» The task
The result should be an exact copy of only the lines from the one with "CAMINATA TURBA ROJA" through the last line of the data below, with pictures omitted.

» Material provided

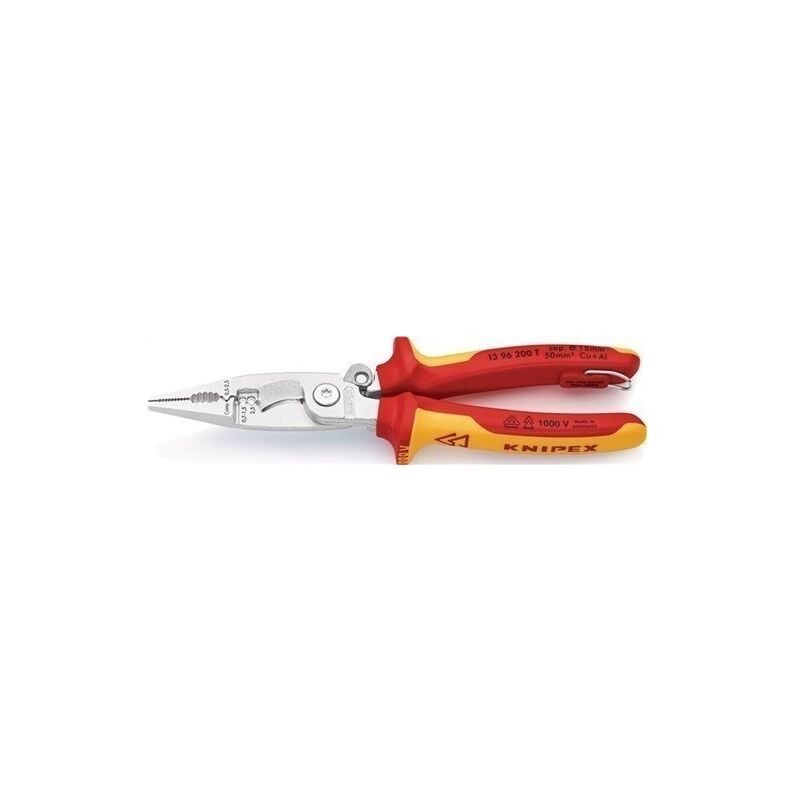 

Knipex - Alicate De Instalacin Elctrica Longitud 200 Mm Vde Cromado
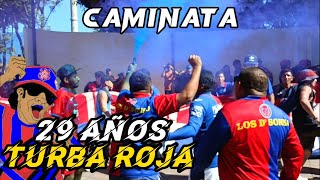 CAMINATA TURBA ROJA fas vrs Metapán [upl. by Wiles]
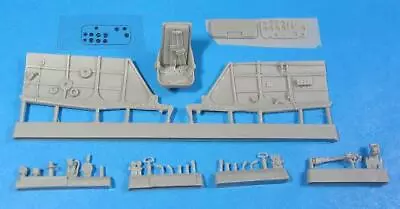 1/48 Vector Resin La-5FN Cockpit Set For Zvezda - VDS48035 • $18.99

» Result
 CAMINATA TURBA ROJA fas vrs Metapán [upl. by Wiles]
 1/48 Vector Resin La-5FN Cockpit Set For Zvezda - VDS48035 • $18.99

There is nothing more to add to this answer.